DUBAI: The Government of Pakistan is raising a $200 million syndicated loan with three United Arab Emirates (UAE) banks, banking sources familiar with the matter said, as Islamabad clings to external funding to stave off the pressure on balance of payments.

The loan, with a one-year maturity, is being arranged by Commercial Bank of Dubai, Emirates NBD, and Noor Bank, said the sources.

Pakistan needs to raise funds to offset a drop in international reserves and to fill a fiscal deficit which the International Monetary Fund estimates at 5.5 per cent of gross domestic product this year.

Pakistan’s Finance Minister Miftah Ismail confirmed Pakistan was borrowing $200 million and said it would help the country’s debt repayments.

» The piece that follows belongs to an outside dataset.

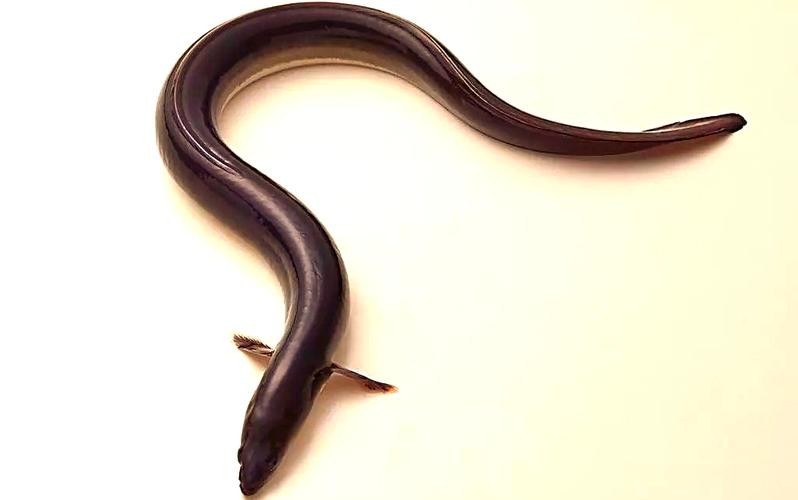長的像龍魚的小型魚是什么魚圖片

“We are raising this money to boost our reserves,” he told Reuters. “As we pay out money to different institutions, we need to rebuild our reserves.”

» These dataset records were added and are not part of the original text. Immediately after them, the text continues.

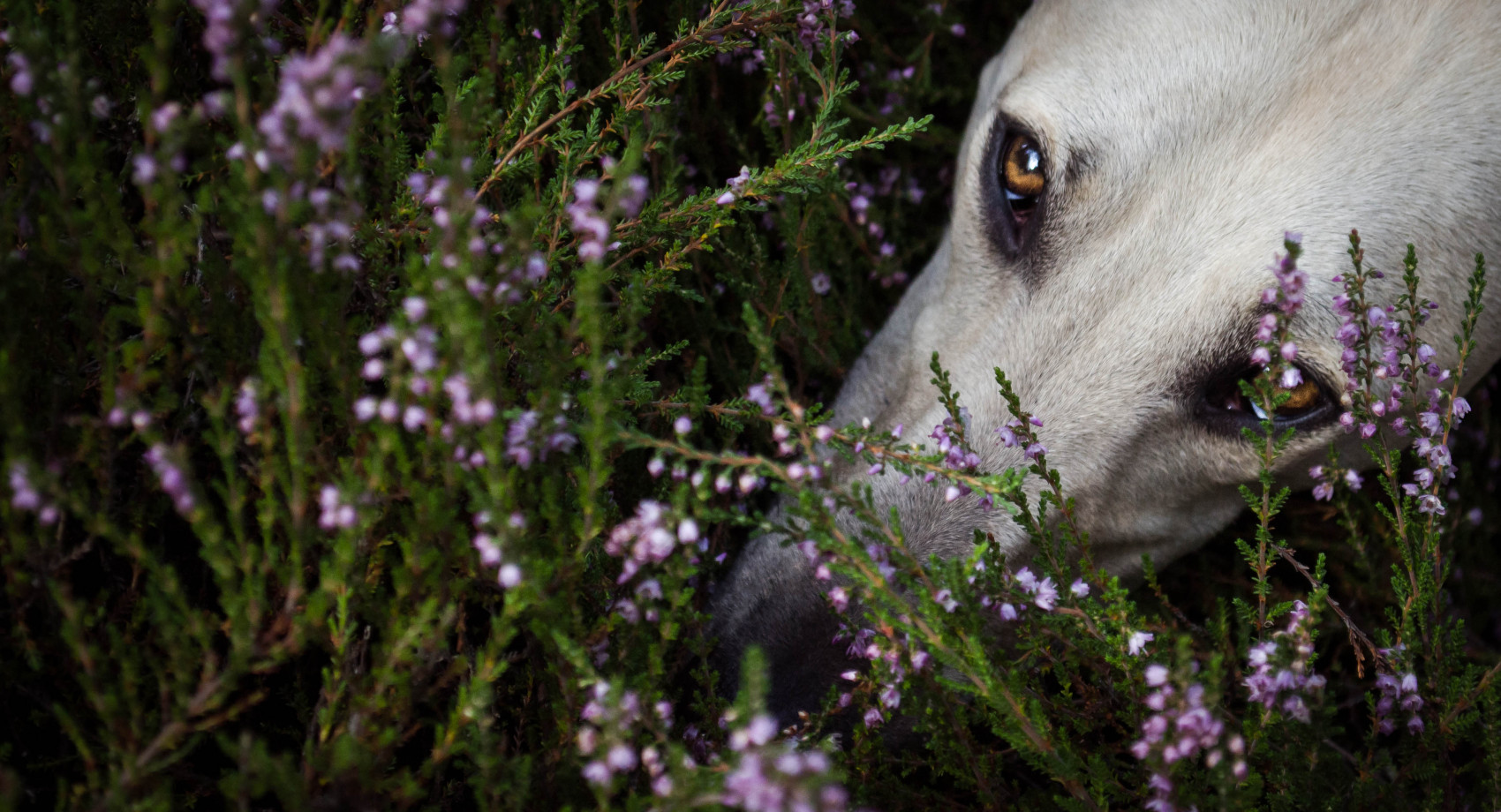 fotograf lodz natalia-milcarz portfolio zdjecia zwierzat sesja zdjeciowa konie psy koty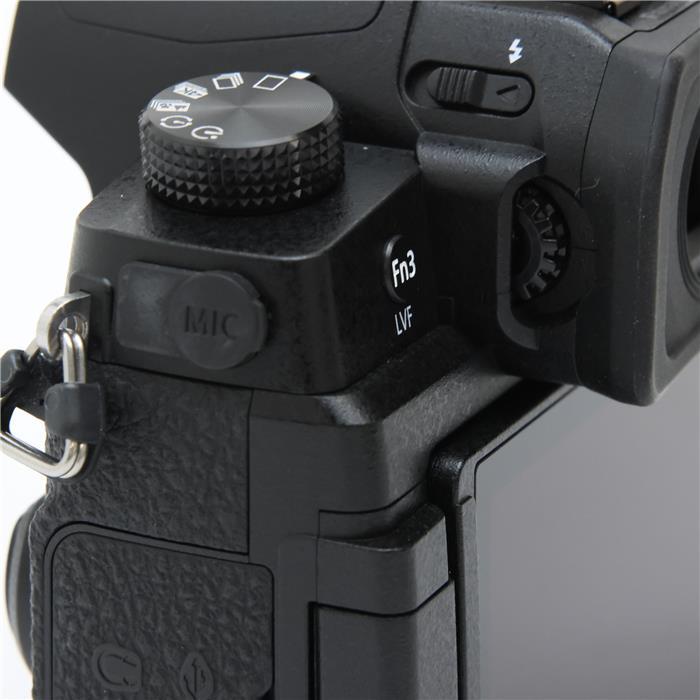 Panasonic 《美品》Panasonic LUMIX DC-G99 ボディ : カメラ専門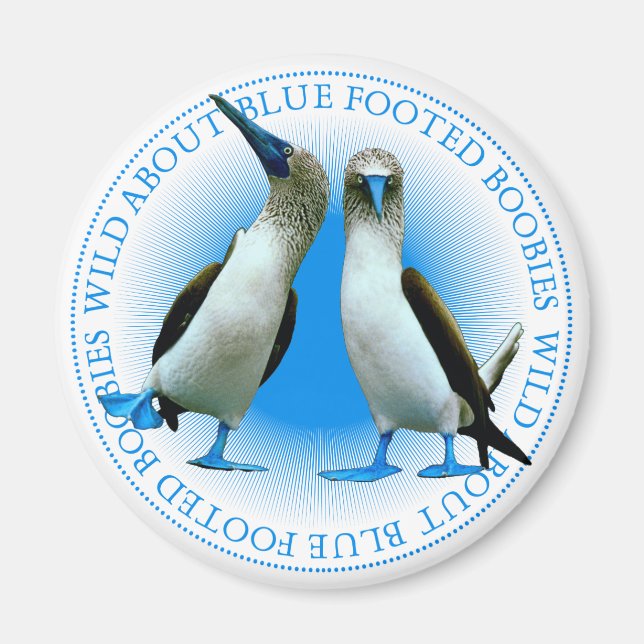 Blue Webbed Foot Birds Galapagos Islands Souvenir Magnet (Vorne)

Ismail added that the loan may rise to $350m in coming weeks, and that Pakistan would retire an equivalent amount in local-currency borrowing.

“This will change our debt profile but it will not increase our overall debt,” he added.

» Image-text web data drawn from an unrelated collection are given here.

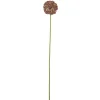 Bloomingville Koriste-Esineet*koristeoksa Allium ruskea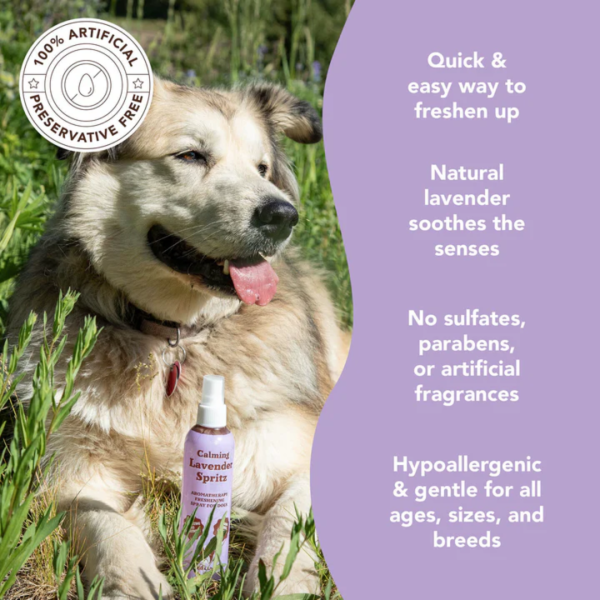 Natural Dog Company Calming Lavender Spritz Sale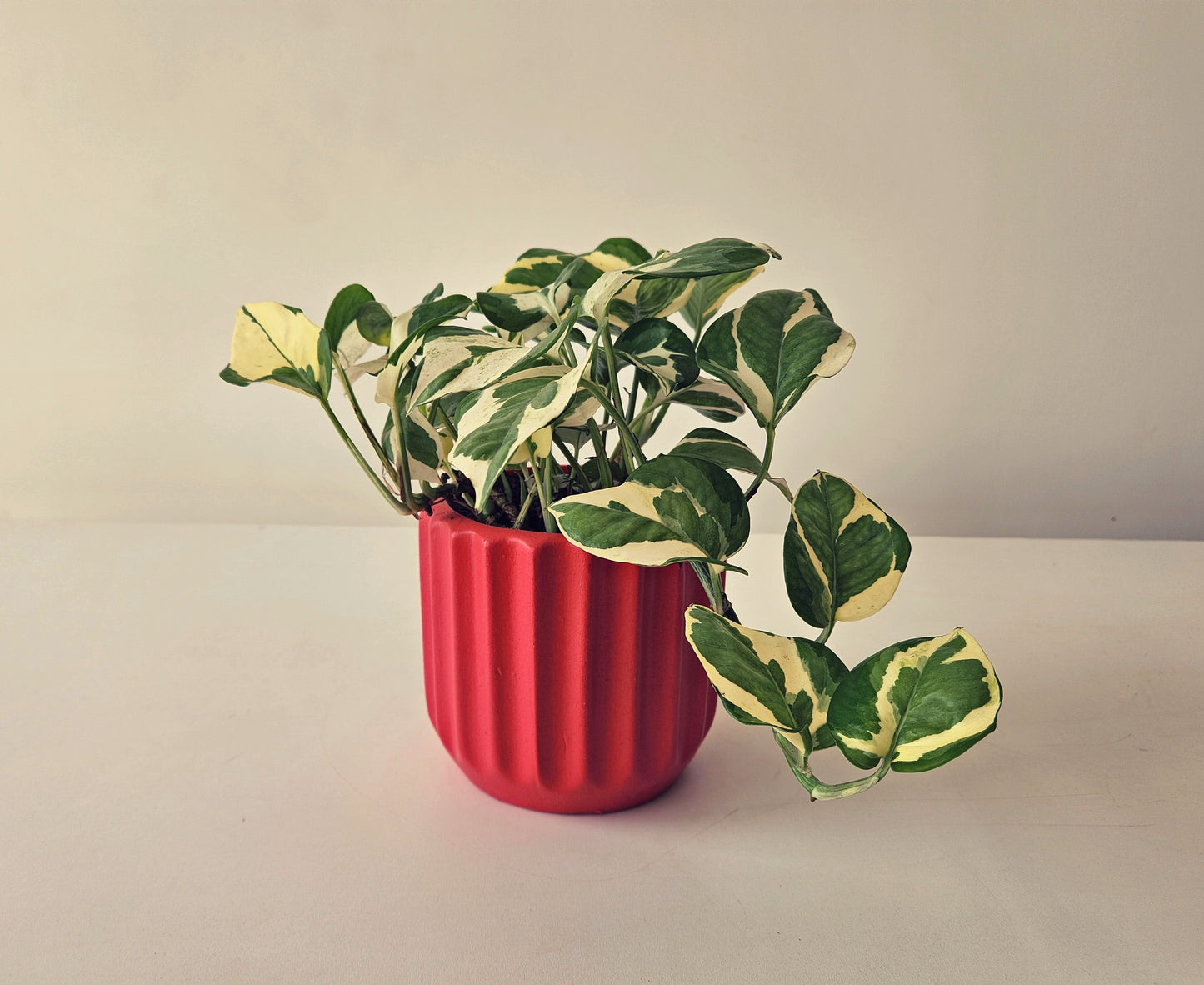 White Pothos Hang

The three UAE banks are now syndicating the debt facility to other lenders, said the sources.

Pakistan’s economic growth has surged to above 5pc, but many analysts expect the country to seek a new IMF bailout this year because of a ballooning current account deficit and a significant decline in foreign currency reserves.

Pakistan raised a $2.5bn bond late last year through a $1bn sukuk and a $1.5bn conventional bond.

The country has been very active in the loan market recently, as balance of payments pressure mount. It raised a $700m 10-year loan late last year with a partial guarantee from the International Bank for Reconstruction and Development, a unit of the World Bank.

It was once again in the market earlier this year for a $450m one-year loan led by Credit Suisse and Industrial and Commercial Bank of China.